AIM OF THE EXERCISE:
Every entry needs to appear again exactly as written below.

Brief descriptive captions:
--
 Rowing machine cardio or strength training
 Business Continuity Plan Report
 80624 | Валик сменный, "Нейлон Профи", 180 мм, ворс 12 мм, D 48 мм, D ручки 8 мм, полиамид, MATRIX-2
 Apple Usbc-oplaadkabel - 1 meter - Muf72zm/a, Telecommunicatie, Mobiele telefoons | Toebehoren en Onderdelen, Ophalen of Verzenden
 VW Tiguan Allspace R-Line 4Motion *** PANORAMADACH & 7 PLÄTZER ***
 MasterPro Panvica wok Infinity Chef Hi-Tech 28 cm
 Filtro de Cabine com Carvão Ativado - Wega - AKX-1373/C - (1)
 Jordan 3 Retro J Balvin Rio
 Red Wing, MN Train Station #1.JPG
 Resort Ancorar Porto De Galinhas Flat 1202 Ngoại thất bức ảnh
--
EXERCISE RESPONSE:
 Rowing machine cardio or strength training
 Business Continuity Plan Report
 80624 | Валик сменный, "Нейлон Профи", 180 мм, ворс 12 мм, D 48 мм, D ручки 8 мм, полиамид, MATRIX-2
 Apple Usbc-oplaadkabel - 1 meter - Muf72zm/a, Telecommunicatie, Mobiele telefoons | Toebehoren en Onderdelen, Ophalen of Verzenden
 VW Tiguan Allspace R-Line 4Motion *** PANORAMADACH & 7 PLÄTZER ***
 MasterPro Panvica wok Infinity Chef Hi-Tech 28 cm
 Filtro de Cabine com Carvão Ativado - Wega - AKX-1373/C - (1)
 Jordan 3 Retro J Balvin Rio
 Red Wing, MN Train Station #1.JPG
 Resort Ancorar Porto De Galinhas Flat 1202 Ngoại thất bức ảnh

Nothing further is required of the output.